Zuburàn at the National Gallery, London
This post is an excerpt from Sam’s blog; to read the full post, click here: https://samporterart.wordpress.com/2026/05/11/zuburan-at-the-national-gallery-london/
Zuburàn. The name alone conjures up the image of some mysterious character – perhaps a swashbuckling knight or conjurer – in a medieval romance set in Reconquista Spain. Yet in many ways, Zuburàn the painter is also an enigma, one whose biographical details are patchy and whose personality can only really be conjectured at through deciphering his paintings, which are themselves mysterious.
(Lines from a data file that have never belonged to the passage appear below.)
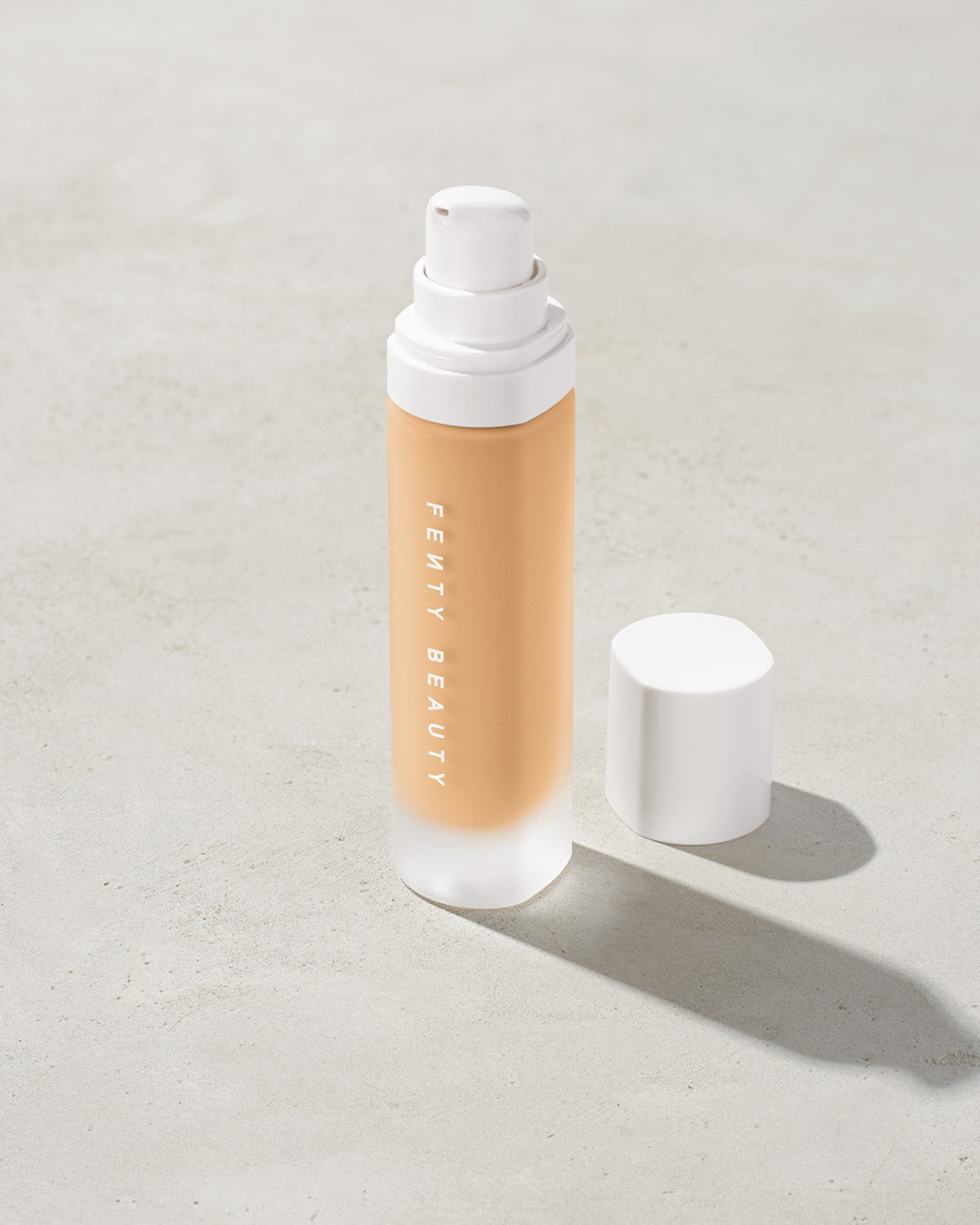 open bottle of Fenty Beauty Pro Filt'r Soft Matte Longwear Foundation with pump dispenser in shade #190 on concrete background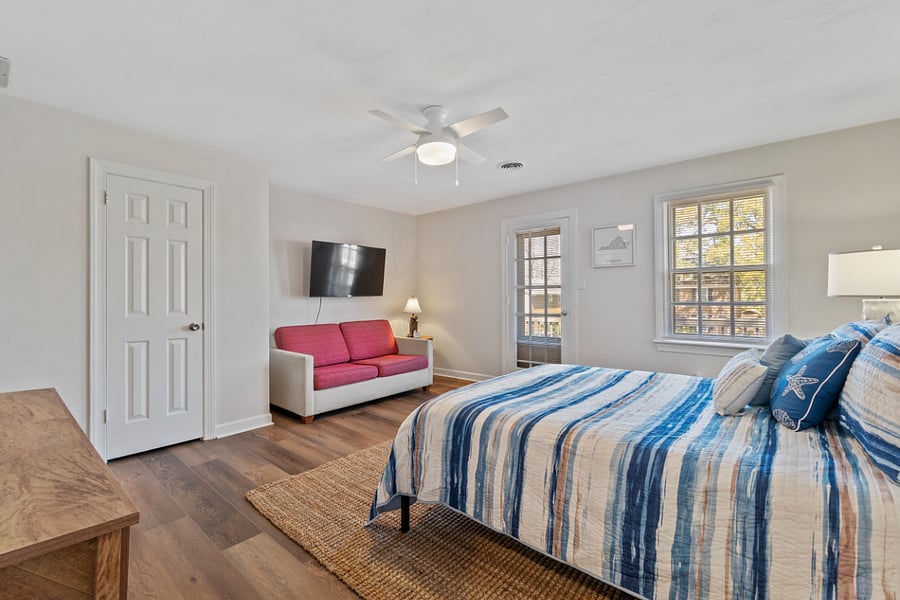 PRIMARY BEDROOM W. LVP FLOORS, ACCESS TO 2ND STORY DECK, CLOSETS AND PULL OUT COUCH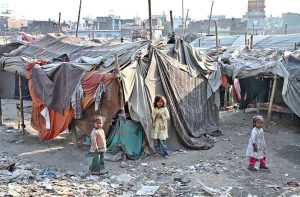 Labourers are busy loading the scrap onto truck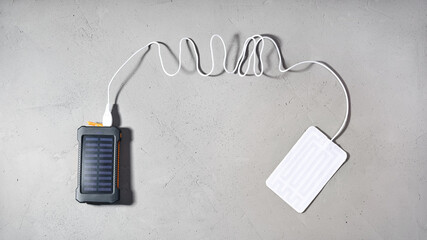 Portable heater is connected by wire with USB to connector power bank with solar panel on gray textural background with copy space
This exhibition at the National Gallery – the first major exhibition of the artist in the UK – boldly states at the outset its attempt to create a clearer image of the painter and his personality for the audience, through interpreting his paintings and their possible meanings, rather than relying on the few scant contemporary documents referring to the artist.
Francisco de Zuburàn (1598-1664) is often called the “Spanish Caravaggio”. Although there is no evidence that Zurburàn ever travelled to Italy and saw works first-hand by the Baroque master, it is obvious that his dramatic, tenebrist style was influenced by other Spanish Caravaggist painters working in Spain in the early seventeenth century. One of the few facts that we do know about Zuburàn’s early life is that his father was a haberdasher in his home town in Extremadura, in central western Spain, which explains his gift for painting drapery, ornament and colour. When Zuburàn moved south to Seville at the age of sixteen, we also know that that he was apprenticed to a wood carver and sculptor, which clearly taught him the importance of volume and the human form.
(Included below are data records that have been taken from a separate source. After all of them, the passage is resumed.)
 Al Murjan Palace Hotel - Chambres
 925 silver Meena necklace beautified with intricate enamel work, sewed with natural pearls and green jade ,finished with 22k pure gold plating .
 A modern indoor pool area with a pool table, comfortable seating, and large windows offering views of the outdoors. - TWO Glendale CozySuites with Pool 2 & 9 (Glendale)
These early influences on the young artist are alluded to it in the first room of the exhibition, which features the earliest signed painting by Zuburàn, his Crucifixion from the Art Institute of Chicago (1627, below). According to an eighteenth-century writer, everyone who encountered this painting from afar, in a dimly-lit sacristry in Seville, thought it was a sculpture at first, due to its monochrome colour and plastic forms accentuated by the dramatic chiaroscuro. The first room also draws attention to Zuburàn’s careful study of drapery and colour, likely learned from a young age in his father’s haberdashery.
The remainder of the rooms in the exhibition are ordered loosely by the different genres and types of patrons Zuburàn worked for during his career in Seville and, later on, in Madrid. These included large paintings commissioned by church orders in Seville, based on traditional Christian themes such as the Immaculate Conception (highly popular in Counter-Reformation Spain), Crucifixions and Biblical narratives, as well as more intimate pictures of female saints or secular portraits made for private clients.
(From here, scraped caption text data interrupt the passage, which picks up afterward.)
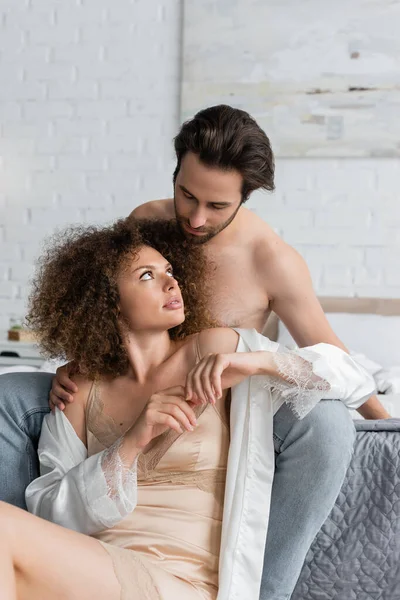 Мужчина без рубашки в джинсах сидит на кровати рядом с кудрявой женщиной в ночном платье и шелковом халате — стоковое фото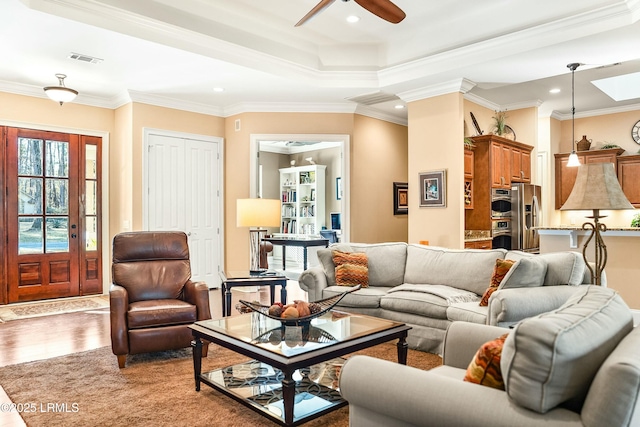 living room featuring hardwood / wood-style flooring, crown molding, and a raised ceiling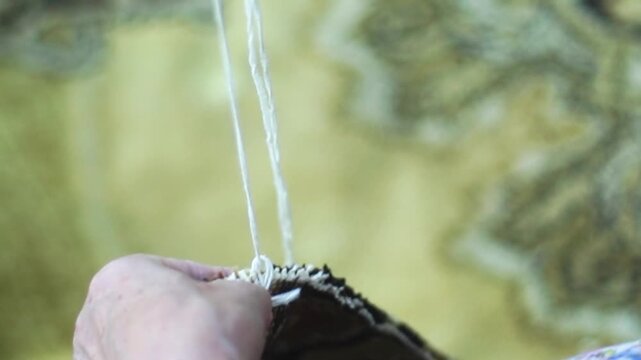 Woman hands knitting stitch overlock on an old carpet edge closeup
Zuburàn’s most powerful paintings, however, are his simplest ones, such as his famous painting in the National Gallery of Saint Francis in Meditation (1635-39, below), which depicts a dramatically spot-lit saint looking up to the Heavens as he kneels on the floor with a skull in his hands, his mouth agape. A similar painting of Saint Francis from the Museum of Fine Arts Lyon (1631-40) also captures the monochrome intensity of Zuburàn’s art.
Another interesting picture which caught my attention – along with many of the other visitors to the exhibition in its busy opening week – was a colossal head of an unknown man, possibly a giant (c. 1635, below), which originally hung in the Buen Retiro Palace in Madrid and has only recently been tentatively attributed to Zuburàn. Its monumental size makes it almost unique in Baroque art and little is known about its subject matter or commissioning. In my opinion, it is more likely to be a portrait of an important Spanish military hero or aristocrat, rather than a giant.
The next room focusses on the still lifes painted by Francisco and his son, Juan de Zuburàn (1620-49), who tragically died in his twenties of the Plague, which ravaged Seville in 1649. Only ten still lifes by Francisco are known but they are some of his most treasured pictures and as a genre they are particularly suited to his intense, subtle art of light and texture. His famous Still Life with Lemons, Oranges and a Rose (1633) from the Norton Simon museum is his most famous example, but my favourite was his Still Life with Four Vessels (c. 1650, below), which captures the beauty and form of four simple ceramic and silver pitchers and cups.
Juan’s still lifes are equally powerful and show a deep understanding of his father’s intense tenebrist style, clearly learnt from his time working in his father’s workshop. Juan would go on to start a successful but short-lived career in Seville specialising in still lifes, which demonstrate his skill at this genre. I particularly liked his small study of grapes (below).
The final room of the exhibition includes Zuburàn’s famous painting of a young lamb on a stone ledge awaiting slaughter, called Agnus Dei (“Lamb of God”), painted c. 1635-40 and now in the Prado (pictured below). It is a fitting and powerful ending to the exhibition, considering the tragedy of Zuburàn’s own sacrifice to the Plague.
In the end, therefore, it is the power and intensity of Zuburàn’s art – the abstracted, monochrome tenebrism he developed, second-hand, from Caravaggio – that left the strongest impression on me. Whilst it seems obvious that Zuburàn was a religious man (as almost all men of his time in Spain were), it is clear that he also had a poetic feeling for capturing the power of a moment; whether it was a moment of religious ecstasy from Christian tradition or the delicate and fugitive beauty of a table of ceramic ware and fruit.